As of Thursday, Wayne County, Michigan had more than 12,000 positive coronavirus cases and nearly 900 deaths. Those statistics greatly dwarf those in Cuyahoga County, which had nearly 1300 cases and 39 deaths as of last Thursday. Although Detroit and Cleveland both share similarities, there are likely variables that factored into Wayne County's higher COVID numbers.
For one, Detroit's airport is a hub for international travel, which likely intensified the spread of asymptomatic COVID transmission, experts said. Michigan also has an international border. Additionally, Michigan's primary elections were held on March 10, which some experts believe may have intensified the spread even more. Ohio's primary elections, originally scheduled for March 17, were postponed.
Although the top medical minds at the major hospital systems in Northeast Ohio have anticipated a surge of positive COVID patients, the surge has not been as pronounced as once feared.

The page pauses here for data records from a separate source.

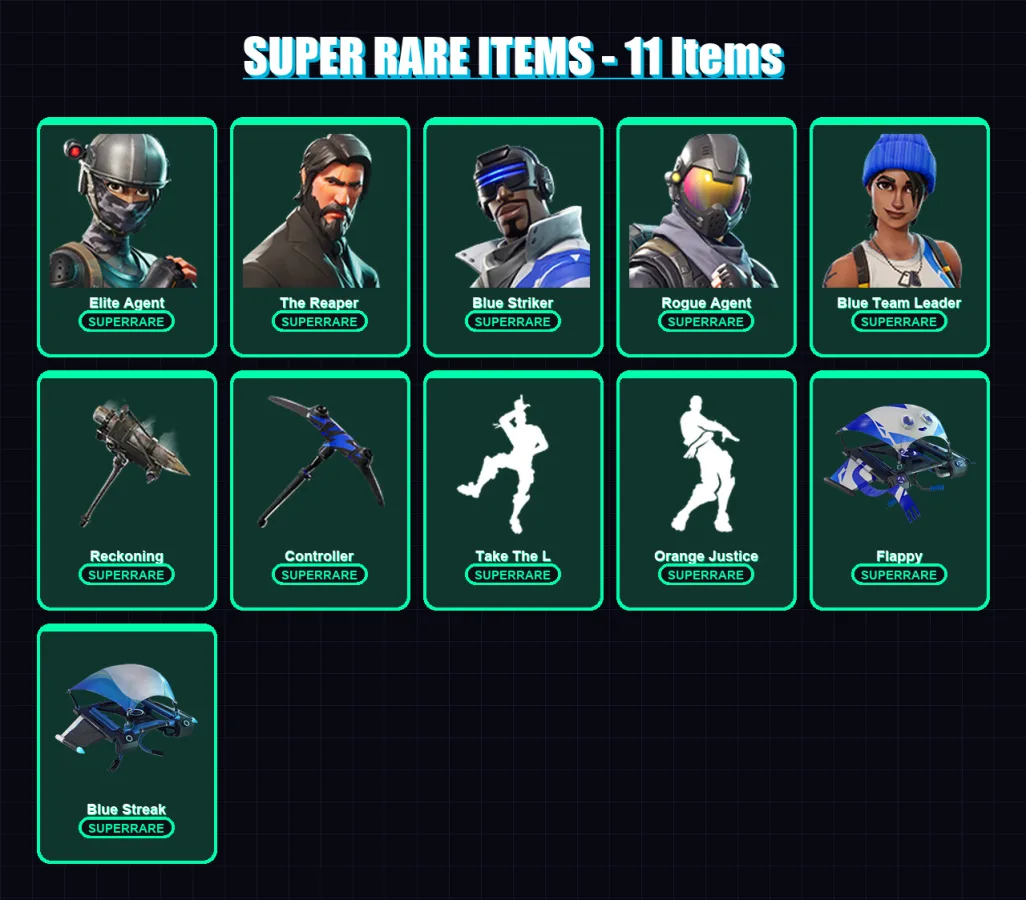 [PC/XBOX/PSN] | Elite Agent | The Reaper | Blue Striker | Rogue Agent | Blue Team Leader | 28 skin | 17 pickaxe | 21 emote | 20 glider | Lv198 — Fortnite account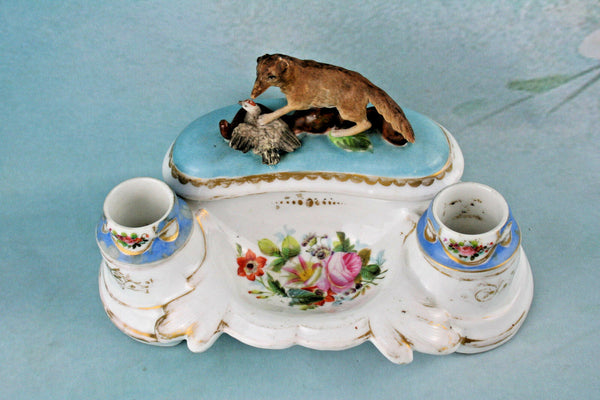 Antique French vieux Paris Porcelain Inkwell fox hunting pheasant 19th c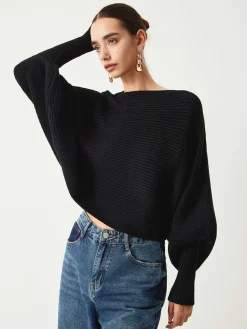 Outlet Slouchy Oversized Rib Crop Sweater Sweater Tops|Sweaters & Cardigans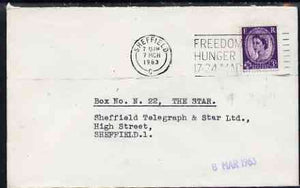 Postmark - Great Britain 1963 cover bearing slogan cancellation for Freedom From Hunger Week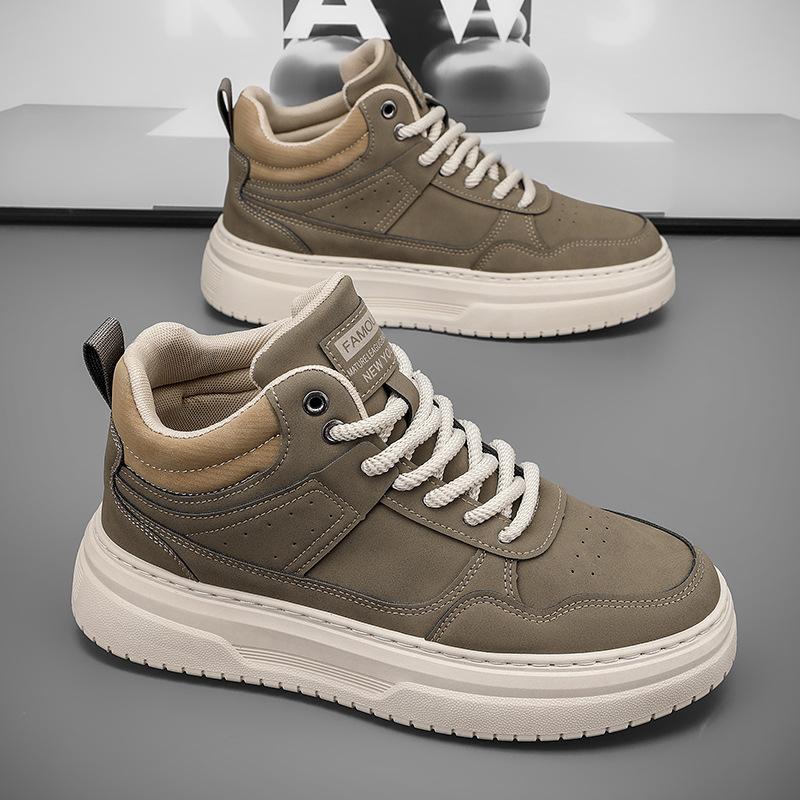 Männer herbst vielseitig casual board männer leder oberfläche wasserdicht sport dicke sohle höhe zunehmende büro_voghion.com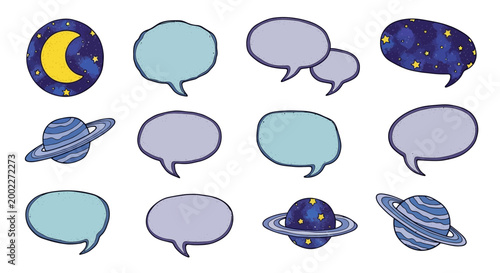 Space, astronomy, chat bubble icons, 13 speech bubbles, planet, moon, starry night isolated on White Background Editable EPS
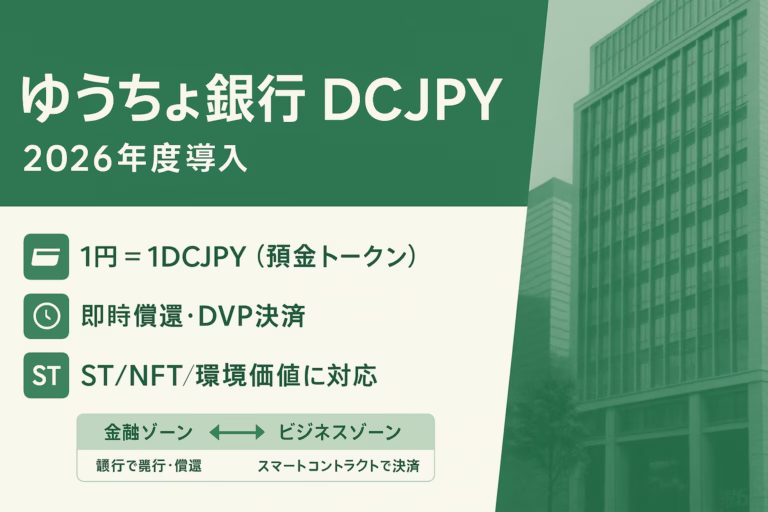 ゆうちょ銀行が2026年度にDCJPY導入予定。預金1円＝1DCJPYで即時償還、190兆円預金の活性化狙い。ST・NFT・環境価値の即時決済に利用可（2025-09-01 JST）。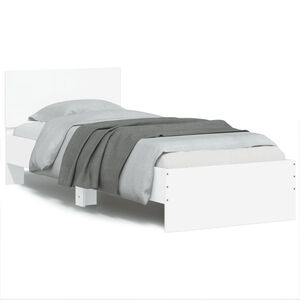 vidaXL Cadre de lit sans matelas avec t&ecirc;te de lit blanc 90x200 cm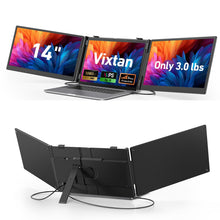 Load image into Gallery viewer, Vixtan 14" Triple Laptop Screen Extender, 3.0 lbs Lightweight FHD IPS Portable Monitor for Laptop, USB-C Plug &amp; Play Multi Screen Attachment for 13-17.3" laptops with Windows/Mac/Chrome
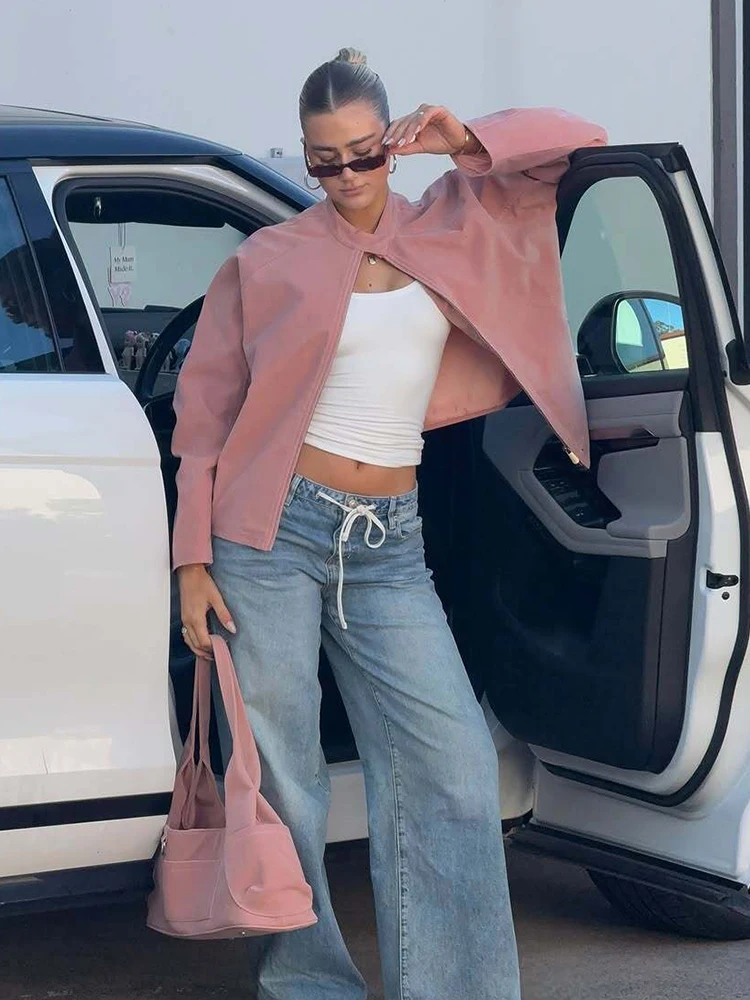 Women Suede Jacket 2025 Autumn Winter Stand Collar Long Sleeve Women's Coat Zipper Loose Female Casual New Outerwear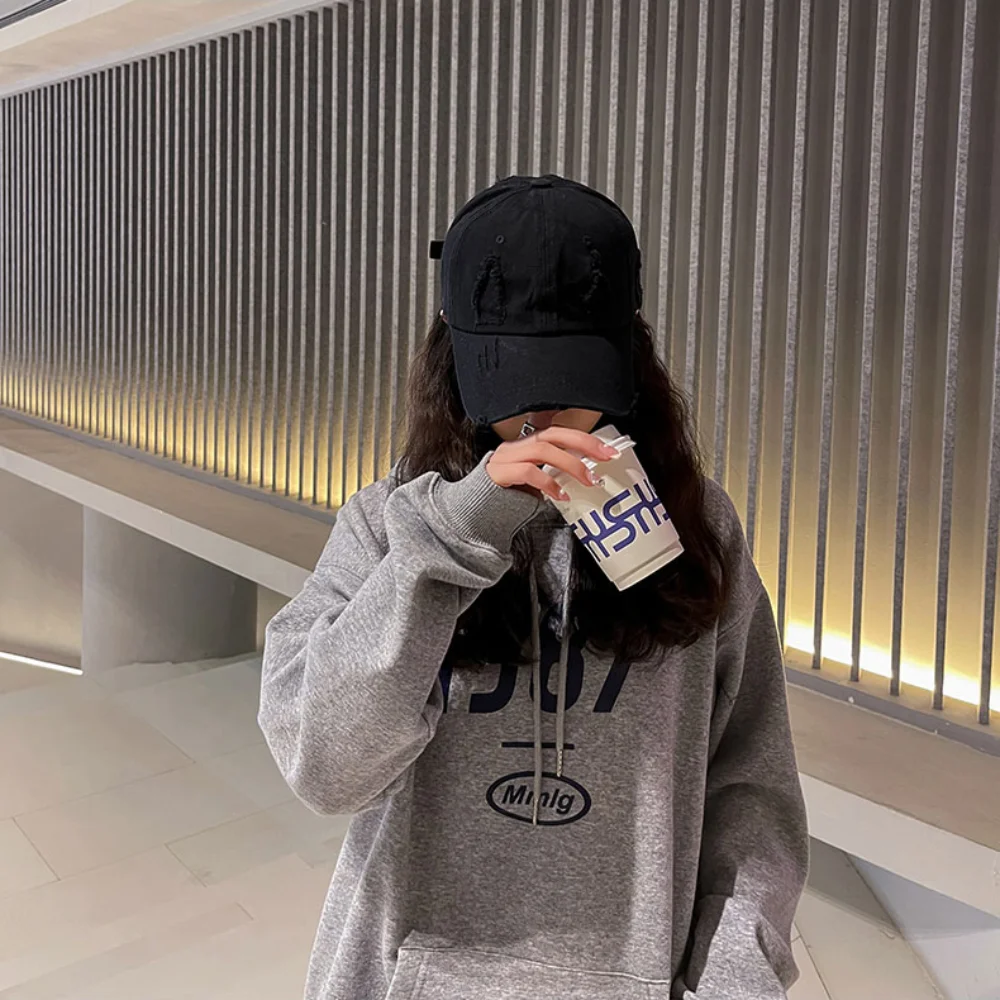 New Trendy Streetwear Hip Hop Worn Hole Face Cap For Women Men Orange Purple Letter Summer Snapback Cap Gorras Hombre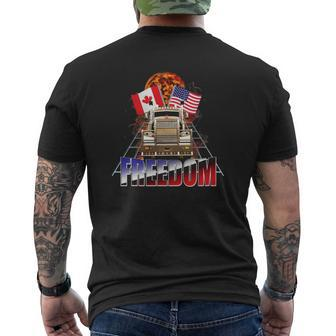 Cool Us And Canada Flag Truckers For Freedom Convoy 2022 Ver2 Mens Back Print T-shirt | Mazezy
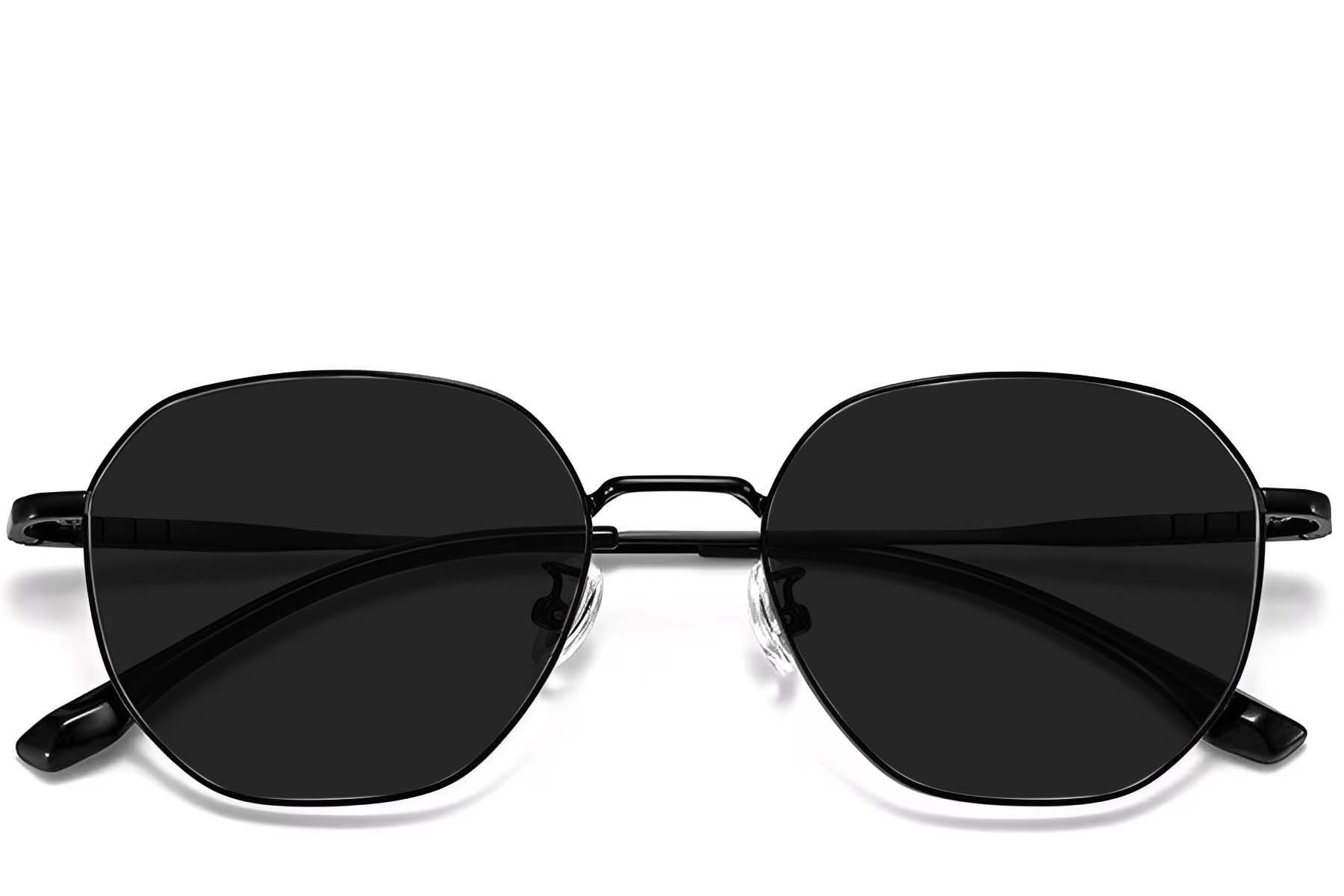 Geometric Black Titanium Sunglasses #BS1913-0653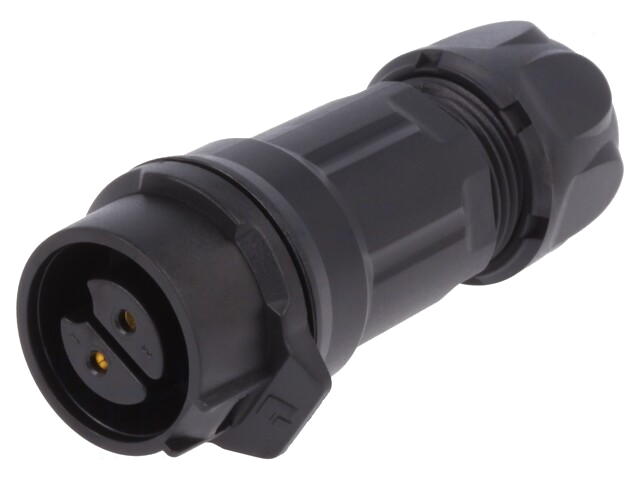 Connector: rond; stekker; maat 16; 02; vrouwelijk; PIN: 2; verguld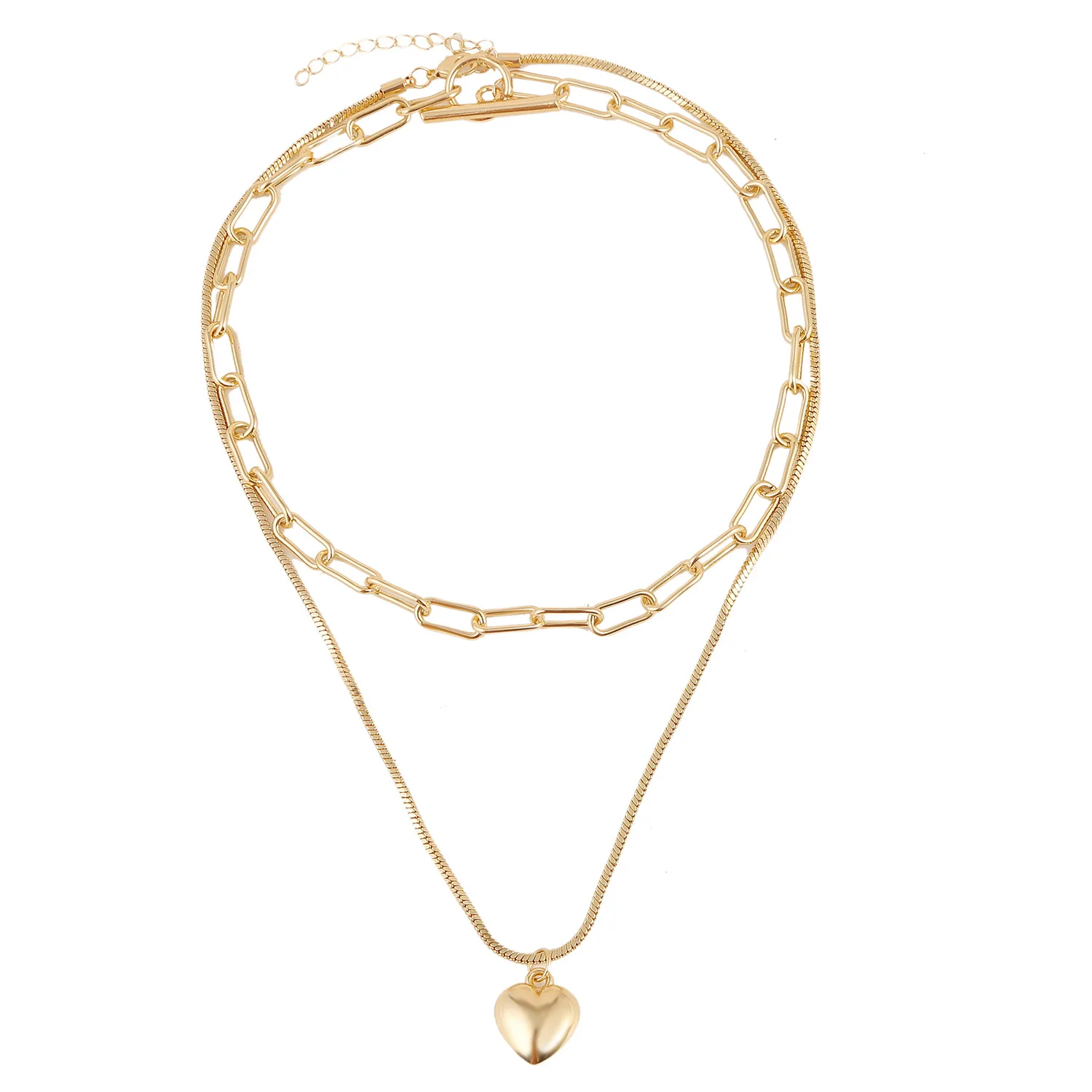 Luxury Layered Multi Layer Choker Gold Plated Heart High Polished Pendant Toggle Clasp Double necklace for Women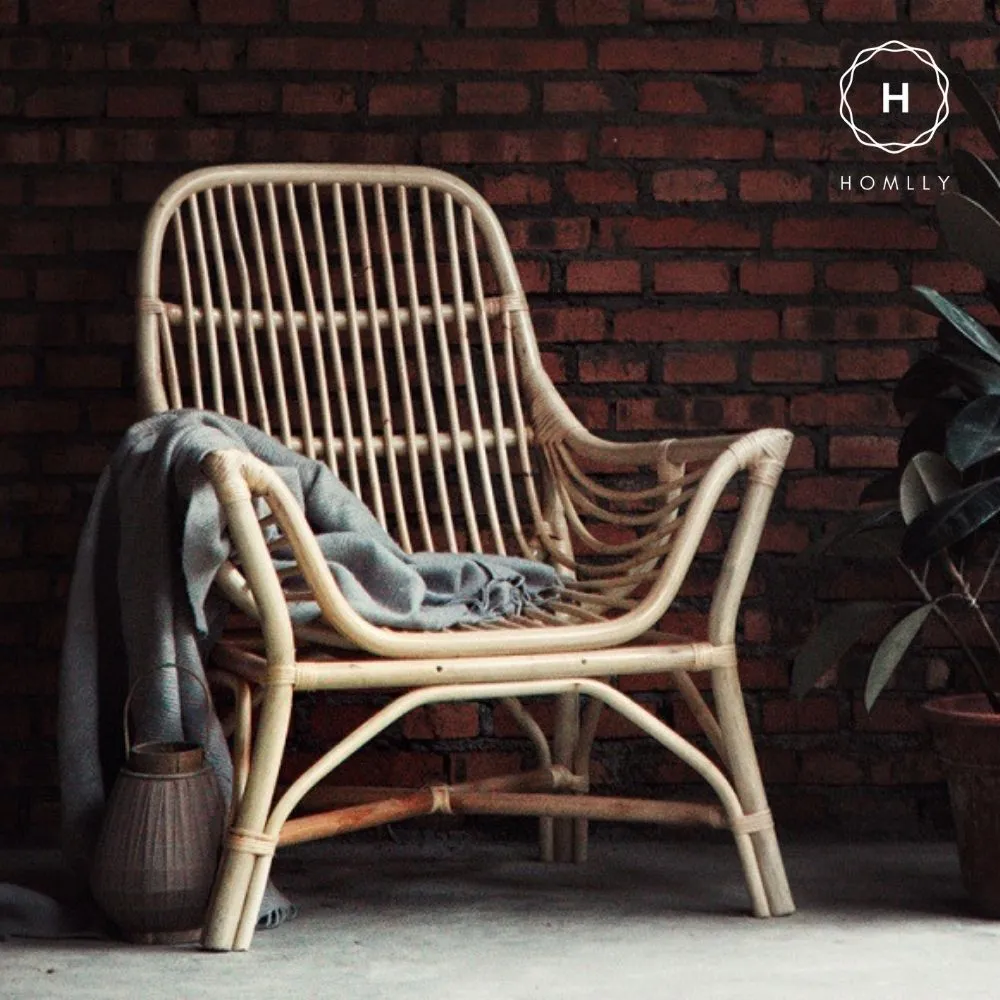 Homlly Howard Outdoor Hand Woven Natural Rattan Cane Chair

"The planning from the top down and the cooperation to prepare for a surge and how people have stepped up, that has been very positive. So far we haven't had a surge and that's even more positive," Dr. Armitage said.
"Cleveland's blessed to have three great hospitals: UH, Cleveland Clinic and Metro. All three insitutions were preparing for massive surges. We're ready but it looks like if we keep this up -- I don't want to jinx it -- if we keep it up, even with a little bit of loosening of restrictions, we can avoid that big surge. That would be extraordinary," he said.
When it comes to executive action, Gov. DeWine also slightly outpaced his Michigan counterpart, Gov. Gretchen Whitmer. Gov. DeWine was one of the first governors to ban mass gatherings, close restaurant dining rooms and issue stay-at-home orders. In many cases, Gov. Whitmer issued similar orders the day following Gov. DeWine's orders. Experts also believe that Ohioans by in large have heeded the medical community's warnings about social distancing.
"People understand the message around social distancing. We've seen evidence of it," said Terry Allan, the Cuyahoga County Board of Health Commissioner. "That's very heartening to see that people have adopted the Ohio plan."